At deteriorated Forest Cove complex, a 50-year history of neglect

A 1972 advertisement for the townhomes that would become Forest Cove, a now dilapidated federally subsidized property in southeast Atlanta. Documents in local and federal archives show mismanagement dating back to the complex’s opening.

Listen to WABE’s investigation following Forest Cove residents over the last year as a serial podcast. Subscribe on Apple Podcasts, Spotify, Amazon Music and more.

A federally-subsidized complex has become the symbol of substandard living conditions in Atlanta. At Forest Cove, half the 396 units are vacant, with many burned, full of trash or partially collapsed. In a recent year-long investigation, WABE reported how the residents who are left deal with collapsed floors, infestations and recurring shootings. 

The city and the private owner, a company called Millennia, which bought the apartments in April 2021, have since started a plan to relocate the remaining tenants to other housing. Residents are set to leave this summer after years of living in units in disrepair.

But the neglect that led to Forest Cove’s current crisis may have been in the making for decades. Reviewing the property’s history in local and federal archives, WABE has found mismanagement as old as the complex itself. 

It was the late 1960s when officials first mentioned the possibility of a new development next to the federal prison in Southeast Atlanta. 

This was the era of the federal program known as urban renewal. Atlanta leaders were taking full advantage, pushing to demolish neighborhoods they called slums. By this point, there was a realization that these neighborhoods often had mostly Black residents. 

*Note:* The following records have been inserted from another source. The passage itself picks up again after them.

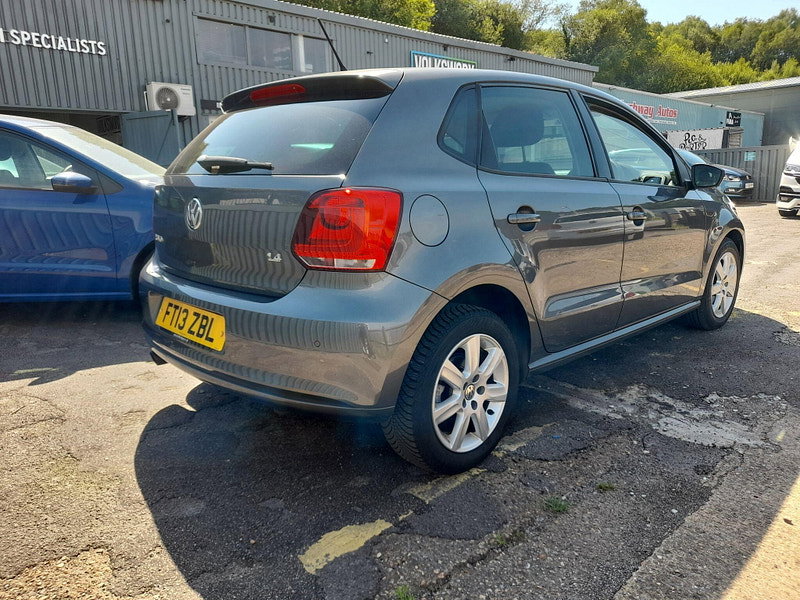 Volkswagen Polo 1.4 Match Edition Euro 5 5dr 5dr Manual 2026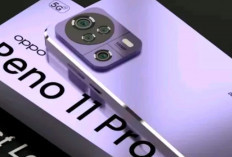 Oppo Reno11 Pro 5G, Hp Stylish dengan Kamera Jempolan yang Ramah di Kantong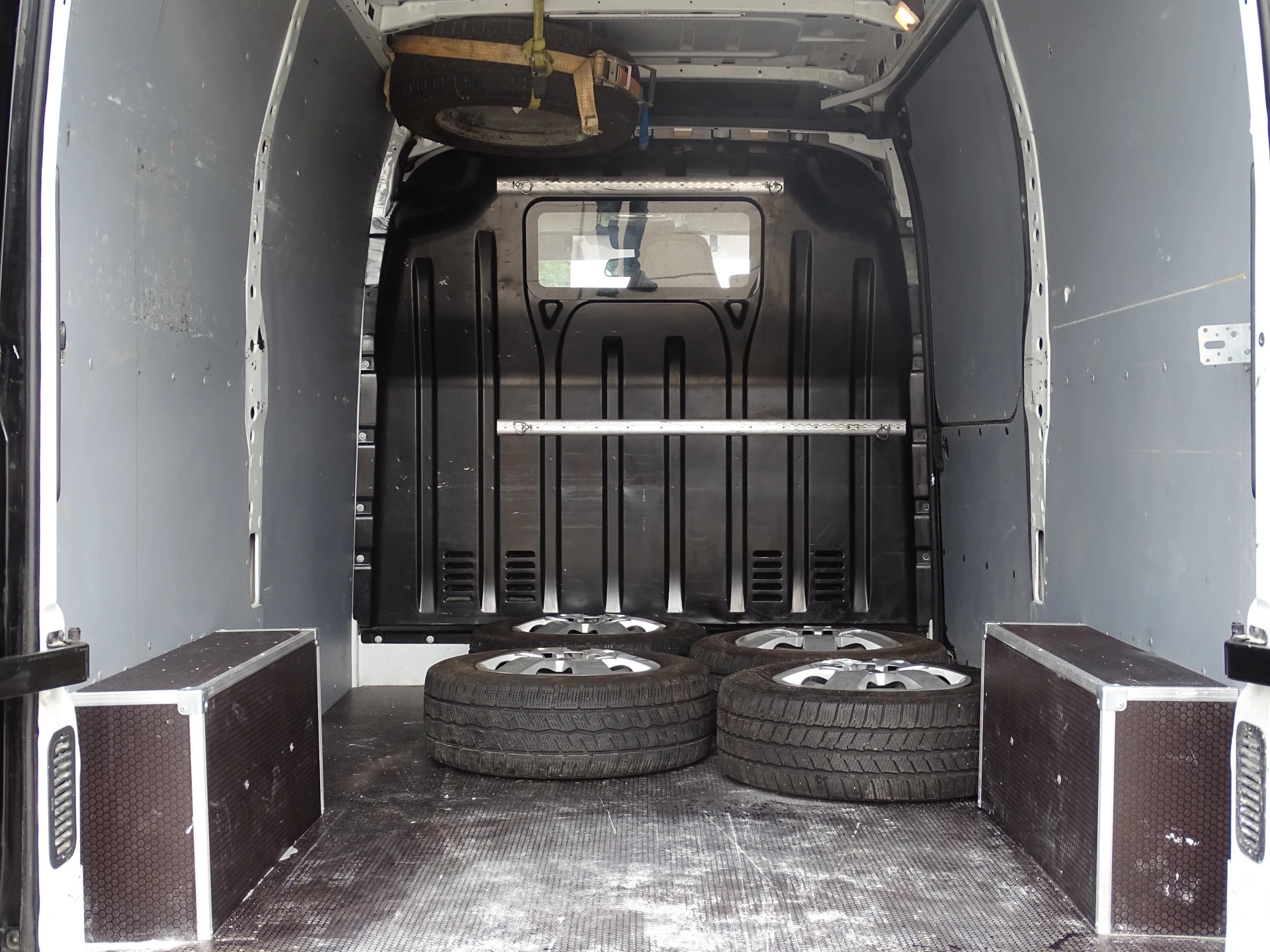 Hoofdafbeelding Nissan NV400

News outlets, mostly catering to a white audience then, joined in on the effort, publishing a flurry of stories and editorials. One in the Atlanta Constitution was dramatic: in bold letters, among images of low-income homes, it said “Blighted Areas Like These Stab At Atlanta’s Heart.”

An editorial in the Atlanta Constitution, published July 25, 1955, promoted the use of urban renewal to rehabilitate Atlanta’s so-called slums.

But when the city demolished the blocks of rundown shotgun houses and rentals, it created a new challenge. Atlanta had to figure out where all of the displaced people would go.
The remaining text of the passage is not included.